Whenever the soldiers left the center on missions, they drove west on Julia Street and away from the throngs of people begging for food and water along Convention Center Boulevard. "When they saw the soldiers, they'd think, 'That's food,' " said Sgt. Karla Spillers, 26. "We didn't have any for them. We had to feed our own people."

Spillers said she felt pain at the knowledge that teenage girls were wandering around the center, alone, knowing they were possible prey.

"There were prisoners, mobsters, gangs" in there, she said.

Almost as soon as they arrived, Guard commanders became concerned enough about the safety of their troops that they ordered more weapons and ammunition. On Wednesday night, there was kicking and banging on the doors to Hall A, where the guardsmen were. "They were trying to break the doors and get us," said Anderson. "They knew we were there."

"About 9 that night, we started barricading the doors," said Staff Sgt. Bryan Lowery, a supply sergeant with the 527th battalion.

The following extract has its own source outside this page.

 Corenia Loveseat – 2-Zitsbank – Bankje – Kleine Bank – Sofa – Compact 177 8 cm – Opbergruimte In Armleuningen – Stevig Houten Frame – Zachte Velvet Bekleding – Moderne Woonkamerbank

Guardsmen parked at least three dump trucks next to the doors to block them, and Lowery began dispensing weapons and ammunition.

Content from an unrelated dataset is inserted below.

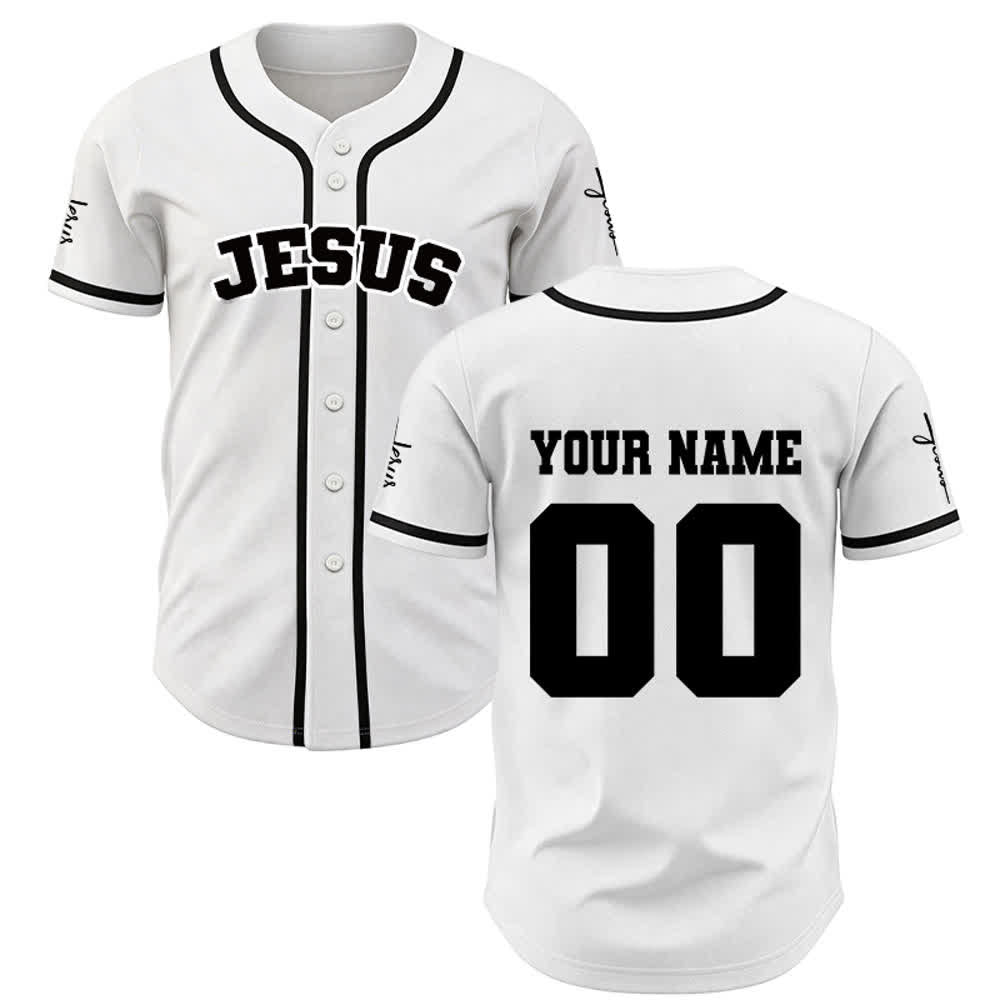 Christianartworkshop Maglia da baseball unisex personalizzata con Gesù Classico Abbigliamento Sportivo Personalizzato - Bianco - 5XL - Nome & Numero personalizzati - image 8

"It scared me," Spillers recalled. "Everyone went to get their weapons from the backs of the trucks."

That night, Guard commanders figured the convention center was untenable as a staging base. And they, too, left the center despite what Fore said were his pleas to stay.

"We were told they couldn't help us unless the order came down from the top, from a lot of people," Fore said. "The only time they partnered with us was when there were gunshots in the area where they were actually staying. They protected themselves."

Maj. Keith Waddell, commander of the 769th Engineer Battalion, said his unit was never asked to quell the violence at the convention center. "The idea of helping with the convention center never came up," he said. "We were just preparing ourselves for the next mission."

Waddell said he believes that, if so ordered, the Louisiana Guard forces present would have been adequate to get the center under control.

"I feel confident we could have controlled it, with the numbers we had," Waddell said.

But senior commanders indicated they had ruled out that possibility. Col. Stephen C. Dabadie, chief of staff of the Louisiana National Guard, said the engineer units were "not designed to secure the convention center."